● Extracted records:
▼▼▼
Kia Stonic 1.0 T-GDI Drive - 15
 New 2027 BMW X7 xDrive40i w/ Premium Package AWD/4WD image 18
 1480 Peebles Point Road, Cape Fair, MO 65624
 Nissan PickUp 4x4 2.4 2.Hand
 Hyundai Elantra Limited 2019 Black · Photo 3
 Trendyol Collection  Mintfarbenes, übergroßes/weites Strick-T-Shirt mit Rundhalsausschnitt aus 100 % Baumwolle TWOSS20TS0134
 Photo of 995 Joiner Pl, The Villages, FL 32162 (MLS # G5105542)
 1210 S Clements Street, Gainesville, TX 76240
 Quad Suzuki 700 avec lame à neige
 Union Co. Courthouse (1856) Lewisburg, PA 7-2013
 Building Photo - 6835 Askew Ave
▲▲▲
● AIM OF THE EXERCISE: Where a line above holds the string "Photo", copy that line.

● PROBLEM SOLUTION:
 Hyundai Elantra Limited 2019 Black · Photo 3
 Photo of 995 Joiner Pl, The Villages, FL 32162 (MLS # G5105542)
 Building Photo - 6835 Askew Ave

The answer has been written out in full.